__WORK TASK__
Repeat exactly the lines of the entries below from the one with "Hanna‎ Andersson Kids" through the one with "English Elm Poppy", both ends included, and nothing else.
======== ENTRIES SUPPLIED
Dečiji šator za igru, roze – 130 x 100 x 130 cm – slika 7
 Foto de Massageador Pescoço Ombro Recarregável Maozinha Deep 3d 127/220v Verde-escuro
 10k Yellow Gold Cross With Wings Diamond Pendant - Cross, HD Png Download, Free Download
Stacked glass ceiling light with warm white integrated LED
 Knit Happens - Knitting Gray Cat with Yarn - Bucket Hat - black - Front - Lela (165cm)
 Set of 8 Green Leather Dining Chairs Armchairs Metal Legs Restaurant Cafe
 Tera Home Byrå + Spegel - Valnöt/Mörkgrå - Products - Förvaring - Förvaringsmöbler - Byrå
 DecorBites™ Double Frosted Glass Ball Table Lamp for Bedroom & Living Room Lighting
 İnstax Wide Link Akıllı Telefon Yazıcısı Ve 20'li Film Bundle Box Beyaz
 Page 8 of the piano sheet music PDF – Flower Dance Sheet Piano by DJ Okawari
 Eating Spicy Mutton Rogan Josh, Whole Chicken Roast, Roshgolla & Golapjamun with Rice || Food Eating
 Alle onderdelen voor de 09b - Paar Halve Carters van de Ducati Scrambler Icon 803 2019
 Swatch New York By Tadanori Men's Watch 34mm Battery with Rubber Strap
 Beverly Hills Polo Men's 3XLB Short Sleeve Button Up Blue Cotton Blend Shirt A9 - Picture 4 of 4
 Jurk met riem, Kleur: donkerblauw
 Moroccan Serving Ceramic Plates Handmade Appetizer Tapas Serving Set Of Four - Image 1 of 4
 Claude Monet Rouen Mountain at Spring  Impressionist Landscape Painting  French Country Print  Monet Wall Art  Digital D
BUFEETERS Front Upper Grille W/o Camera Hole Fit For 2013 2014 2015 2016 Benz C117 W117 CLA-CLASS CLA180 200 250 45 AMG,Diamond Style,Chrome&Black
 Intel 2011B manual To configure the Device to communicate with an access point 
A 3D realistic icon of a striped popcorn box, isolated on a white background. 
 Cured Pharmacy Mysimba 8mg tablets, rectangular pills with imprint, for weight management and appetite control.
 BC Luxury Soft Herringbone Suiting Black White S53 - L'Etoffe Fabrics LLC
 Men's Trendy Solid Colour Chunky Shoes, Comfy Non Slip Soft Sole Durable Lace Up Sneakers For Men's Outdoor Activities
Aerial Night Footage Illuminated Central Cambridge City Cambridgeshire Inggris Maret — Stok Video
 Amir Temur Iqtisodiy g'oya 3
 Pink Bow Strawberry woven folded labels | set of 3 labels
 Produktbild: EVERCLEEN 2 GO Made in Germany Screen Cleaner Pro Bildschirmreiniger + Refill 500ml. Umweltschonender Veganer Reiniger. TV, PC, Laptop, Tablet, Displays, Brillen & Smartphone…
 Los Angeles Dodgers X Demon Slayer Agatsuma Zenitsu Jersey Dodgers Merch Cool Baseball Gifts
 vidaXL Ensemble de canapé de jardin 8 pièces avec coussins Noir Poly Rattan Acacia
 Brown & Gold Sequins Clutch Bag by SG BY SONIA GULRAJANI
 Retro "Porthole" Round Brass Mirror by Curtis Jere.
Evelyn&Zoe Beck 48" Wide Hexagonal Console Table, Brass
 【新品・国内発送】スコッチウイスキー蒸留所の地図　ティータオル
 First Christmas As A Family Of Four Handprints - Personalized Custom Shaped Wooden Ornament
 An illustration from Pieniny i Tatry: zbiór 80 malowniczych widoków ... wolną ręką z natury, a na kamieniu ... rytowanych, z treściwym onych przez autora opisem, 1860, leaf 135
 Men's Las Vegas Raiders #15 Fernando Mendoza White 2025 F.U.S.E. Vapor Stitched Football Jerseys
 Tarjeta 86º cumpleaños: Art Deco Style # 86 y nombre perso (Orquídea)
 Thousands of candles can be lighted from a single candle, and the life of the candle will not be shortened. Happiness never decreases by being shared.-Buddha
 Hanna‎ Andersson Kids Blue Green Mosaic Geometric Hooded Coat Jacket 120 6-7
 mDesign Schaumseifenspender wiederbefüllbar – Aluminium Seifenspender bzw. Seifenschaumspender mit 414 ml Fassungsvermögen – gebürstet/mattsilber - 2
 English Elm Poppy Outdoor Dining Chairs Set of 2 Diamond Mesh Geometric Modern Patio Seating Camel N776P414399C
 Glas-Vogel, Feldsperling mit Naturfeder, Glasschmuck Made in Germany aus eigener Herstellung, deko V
================
__WRITTEN RESPONSE__
 Hanna‎ Andersson Kids Blue Green Mosaic Geometric Hooded Coat Jacket 120 6-7
 mDesign Schaumseifenspender wiederbefüllbar – Aluminium Seifenspender bzw. Seifenschaumspender mit 414 ml Fassungsvermögen – gebürstet/mattsilber - 2
 English Elm Poppy Outdoor Dining Chairs Set of 2 Diamond Mesh Geometric Modern Patio Seating Camel N776P414399C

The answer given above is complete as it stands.